Valeria intentó apartar la mirada, pero Alexander no se lo permitió. Sus manos la sujetaban con fuerza, y en sus ojos había un brillo salvaje que la hizo temblar.
—No entiendes nada, ¿verdad? —murmuró él, con la voz ronca—. Puedes desafiarme, puedes decirme que no soy nadie fuera de esta oficina… pero cuando te miro, Valeria, sé que eres mía.
Ella abrió la boca para replicar, pero no alcanzó a decir una palabra. Alexander la besó con una intensidad que la desarmó por completo. Fue un choque brutal de emociones: furia, deseo, miedo, atracción.
Al principio sus manos intentaron empujarlo, pero la fuerza con la que la rodeaba la envolvió como una tormenta imposible de detener. Y, sin darse cuenta, su cuerpo cedió, respondiendo al ardor que había callado durante demasiado tiempo.
El sonido de la tela rasgándose llenó el aire: la blusa de Valeria cedió bajo la desesperación de sus manos. Ella jadeó, sonrojada, atrapada entre la indignación y el vértigo.
—Alexander… —susurró, como una súplica.
Él apoyó la frente contra la suya, respirando agitado. —No digas mi nombre así… me enloquece.
En ese instante, la oficina dejó de ser un lugar de trabajo. Ya no eran jefe y secretaria, sino dos cuerpos atrapados en un fuego prohibido. Cada beso, cada roce, era una guerra y una rendición al mismo tiempo.
Valeria, contra toda lógica, se dejó llevar. El hombre que había jurado odiar, el mismo que la había humillado y desafiado, era ahora el que la devoraba con su pasión, haciéndola olvidar todo lo demás.
Y allí, entre los papeles y el escritorio, Alexander la hizo suya, como si quisiera borrar cualquier rastro del perfume de otro hombre en su piel.
Valeria sabía que estaba cayendo en un abismo del que no podría salir ilesa… pero en ese momento, no le importó.
El nombre de Alexander escapó de los labios de Valeria entre gemidos desesperados. Era como si toda la tensión contenida, la rabia y el deseo reprimido hubieran estallado en un solo instante.
Él la sostuvo con fuerza, marcándola con besos ardientes en la piel, como si quisiera grabar en ella su sello, su dominio, su posesión.
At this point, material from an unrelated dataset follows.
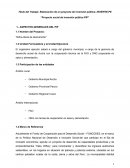 Elaboración de un proyecto de inversión pública- Invierte.pe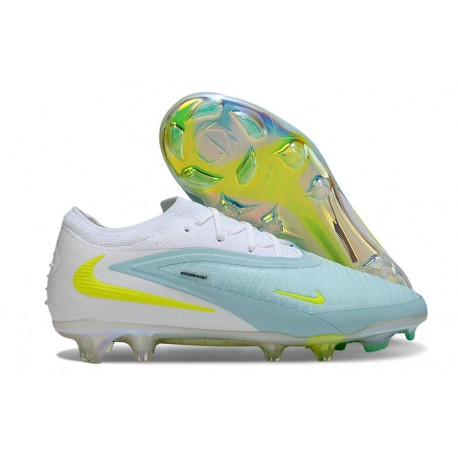Bota de Futbol Nike Phantom 6 Low Elite FG Azul Blanco Amarillo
Cada caricia era un recordatorio de que no permitiría que nadie más la tuviera.
Cuando el frenesí se quebró y el silencio cayó sobre la oficina, Alexander permaneció unos segundos con la respiración agitada, el rostro enterrado en el cuello de Valeria. Después, como si de pronto recuperara la cordura, la apartó con brusquedad.
Ella lo miró, con los labios hinchados, el cabello revuelto y el corazón latiendo a mil por hora. No entendía si había sido un error, una locura o una confesión de lo que realmente sentía.
Alexander se acomodó el saco y los puños de la camisa con frialdad, ocultando todo rastro de vulnerabilidad. Su mirada era ahora dura, cortante, como la del hombre implacable que todos temían.
—Lárgate —ordenó con voz seca, sin mirarla a los ojos.
Valeria se quedó quieta unos segundos, respirando con dificultad. Sentía las mejillas encendidas, el cuerpo aún tembloroso, marcado por cada caricia y cada beso.
Con torpeza, acomodó su blusa rasgada, subió la falda y se ajustó la ropa interior. El silencio entre ambos era tan pesado que dolía. Abrió la boca para decir algo, para intentar comprender qué acababa de suceder.
—Alex… yo… —balbuceó con un hilo de voz.
Pero él no la dejó terminar.
—¡Lárgate! —rugió, golpeando el escritorio con tal fuerza que Valeria dio un salto—. Vete a tu casa, no quiero volver a verte en esta oficina.
Ella lo miró, con los ojos llenos de lágrimas, sin entender cómo podía rechazarla después de haberla reclamado con tanta desesperación.
Alexander la señaló con el dedo, con el rostro desencajado entre la furia y el dolor. —Me das asco, Valeria. ¿Entiendes? ¡Asco!
Las palabras la atravesaron como cuchillas. Sintió que el aire se le escapaba de los pulmones y que el suelo bajo sus pies desaparecía.
Apretó los labios con fuerza, recogió su bolso del suelo y caminó hacia la puerta sin mirar atrás, aunque cada paso le costaba como si cargara toneladas sobre los hombros.
Cuando la puerta se cerró detrás de ella, Alexander se dejó caer en su silla, cubriéndose el rostro con las manos. Su respiración era agitada, sus manos temblaban.
Se odiaba.
Odiaba haberla tocado con esa necesidad.
Odiaba aún más haberla insultado.
Pero lo que más odiaba era la verdad que no podía negar: ningún otro hombre podía tener a Valeria. Solo él.